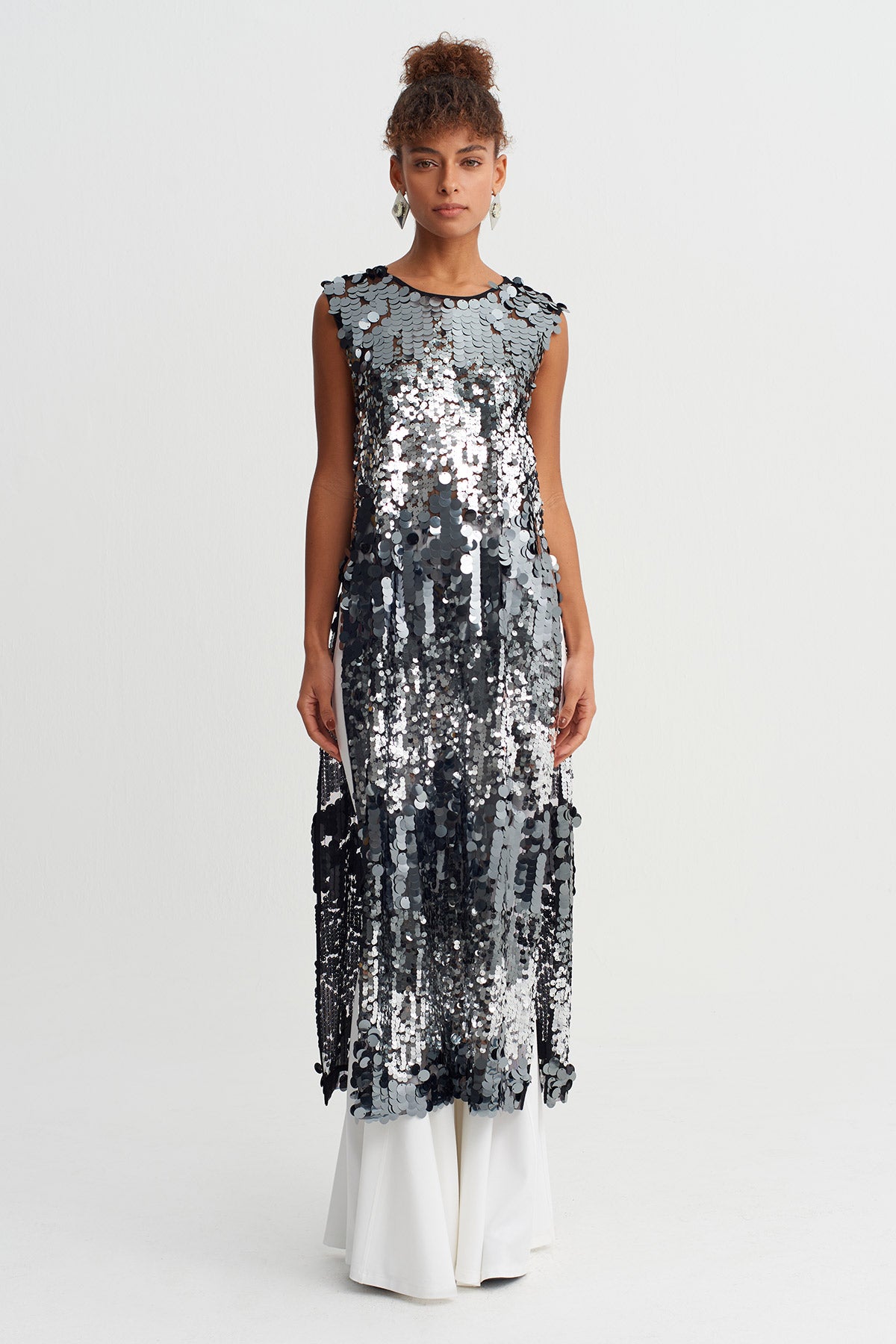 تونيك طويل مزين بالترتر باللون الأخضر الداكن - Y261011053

_ _ _

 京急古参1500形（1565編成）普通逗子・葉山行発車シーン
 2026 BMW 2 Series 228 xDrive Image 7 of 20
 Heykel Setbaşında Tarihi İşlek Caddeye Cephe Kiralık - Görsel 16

_ _ _

--- Aim of the task ---
What you return should be exactly the lines above, starting at the one with "2026 BMW 2 Series 228 xDrive Image 7 of 20" and ending at the one with "Heykel Setbaşında Tarihi", and nothing else.

--- Solved problem ---
 2026 BMW 2 Series 228 xDrive Image 7 of 20
 Heykel Setbaşında Tarihi İşlek Caddeye Cephe Kiralık - Görsel 16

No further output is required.